── INPUT RECORDS ──

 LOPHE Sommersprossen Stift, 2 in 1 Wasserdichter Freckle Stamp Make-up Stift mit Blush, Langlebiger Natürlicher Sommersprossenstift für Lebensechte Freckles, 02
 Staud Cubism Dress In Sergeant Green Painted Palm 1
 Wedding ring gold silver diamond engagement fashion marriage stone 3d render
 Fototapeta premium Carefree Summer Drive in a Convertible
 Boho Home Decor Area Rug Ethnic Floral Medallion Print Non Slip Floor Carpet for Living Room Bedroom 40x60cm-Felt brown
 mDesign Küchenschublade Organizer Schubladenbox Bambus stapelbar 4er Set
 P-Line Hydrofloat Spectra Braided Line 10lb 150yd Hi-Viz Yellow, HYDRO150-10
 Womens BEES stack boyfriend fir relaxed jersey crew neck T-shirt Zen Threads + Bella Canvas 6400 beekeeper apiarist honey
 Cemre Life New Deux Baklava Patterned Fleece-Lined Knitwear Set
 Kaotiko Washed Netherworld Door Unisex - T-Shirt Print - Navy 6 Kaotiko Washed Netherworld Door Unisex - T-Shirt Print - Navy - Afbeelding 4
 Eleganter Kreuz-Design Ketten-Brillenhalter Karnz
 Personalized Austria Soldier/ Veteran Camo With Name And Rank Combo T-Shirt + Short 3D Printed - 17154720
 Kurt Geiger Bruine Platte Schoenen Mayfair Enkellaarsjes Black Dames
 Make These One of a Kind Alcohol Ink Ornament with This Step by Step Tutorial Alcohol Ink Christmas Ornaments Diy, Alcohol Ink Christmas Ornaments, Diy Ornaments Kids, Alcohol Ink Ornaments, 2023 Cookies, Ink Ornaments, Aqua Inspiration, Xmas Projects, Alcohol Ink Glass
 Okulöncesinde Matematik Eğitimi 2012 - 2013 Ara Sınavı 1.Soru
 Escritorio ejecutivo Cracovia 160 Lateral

───

Could you find each line in the entries that contains the string "Make" and copy it?

#### RESULT
 LOPHE Sommersprossen Stift, 2 in 1 Wasserdichter Freckle Stamp Make-up Stift mit Blush, Langlebiger Natürlicher Sommersprossenstift für Lebensechte Freckles, 02
 Make These One of a Kind Alcohol Ink Ornament with This Step by Step Tutorial Alcohol Ink Christmas Ornaments Diy, Alcohol Ink Christmas Ornaments, Diy Ornaments Kids, Alcohol Ink Ornaments, 2023 Cookies, Ink Ornaments, Aqua Inspiration, Xmas Projects, Alcohol Ink Glass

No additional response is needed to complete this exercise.